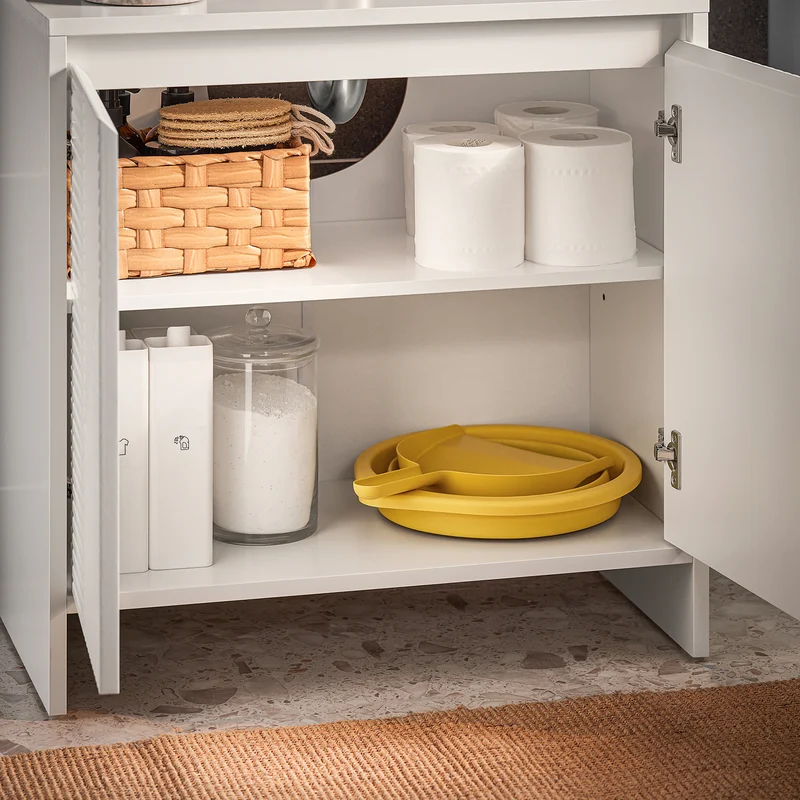SoBuy BZR157-W Mueble de lavabo con puerta estampada Blanco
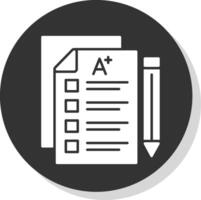 Exam Glyph Grey Circle Icon vector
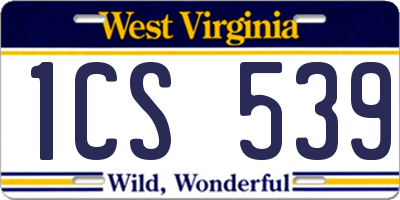 WV license plate 1CS539
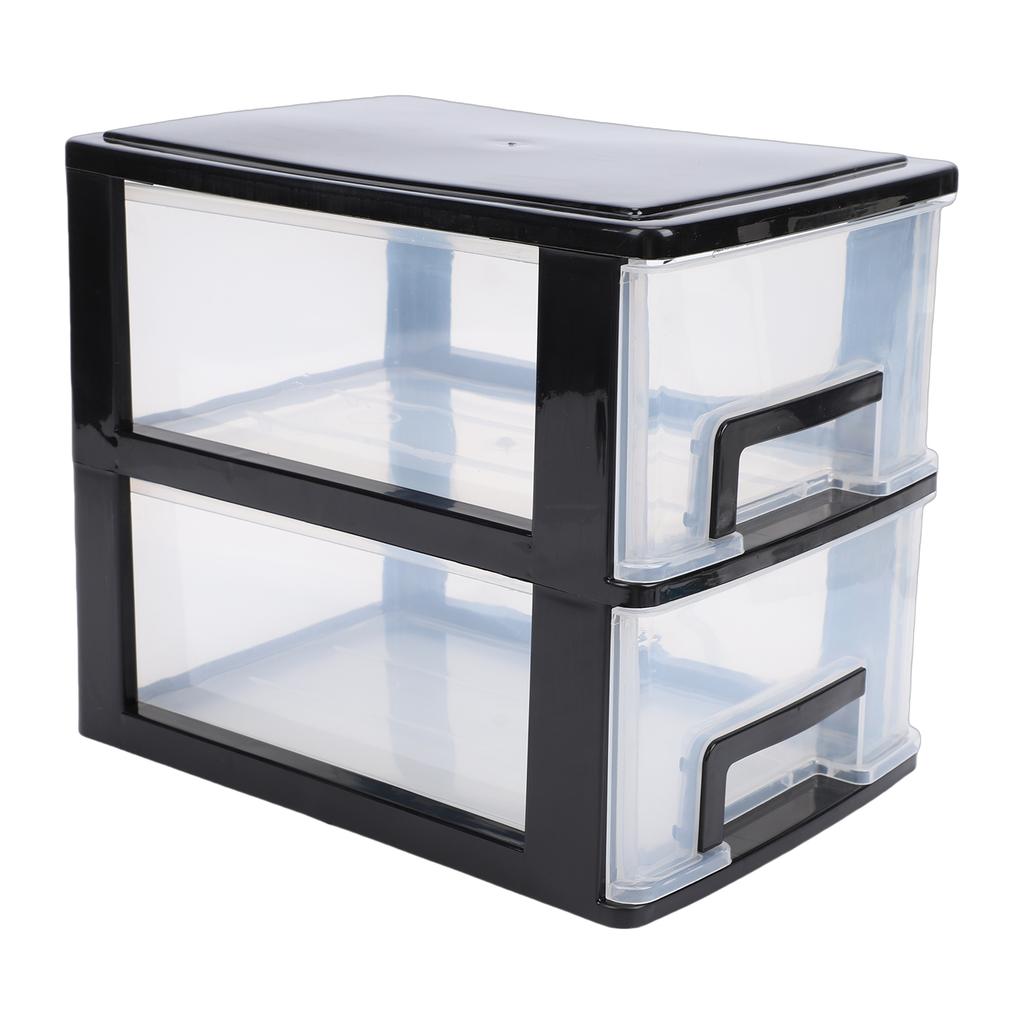 Schreibtisch mit 2 Schubladen, Kunststoff, stapelbar, transparent, Desktop-Aufbewahrungsbox für Büromaterial, für Zuhause, Wohnheim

> What the task requires
A word-for-word copy of all the data is required, minus the pictures.

> Exercise solution
SoBuy BZR157-W Mueble de lavabo con puerta estampada Blanco
 Exam Glyph Grey Circle Icon vector
 WV license plate 1CS539
 Schreibtisch mit 2 Schubladen, Kunststoff, stapelbar, transparent, Desktop-Aufbewahrungsbox für Büromaterial, für Zuhause, Wohnheim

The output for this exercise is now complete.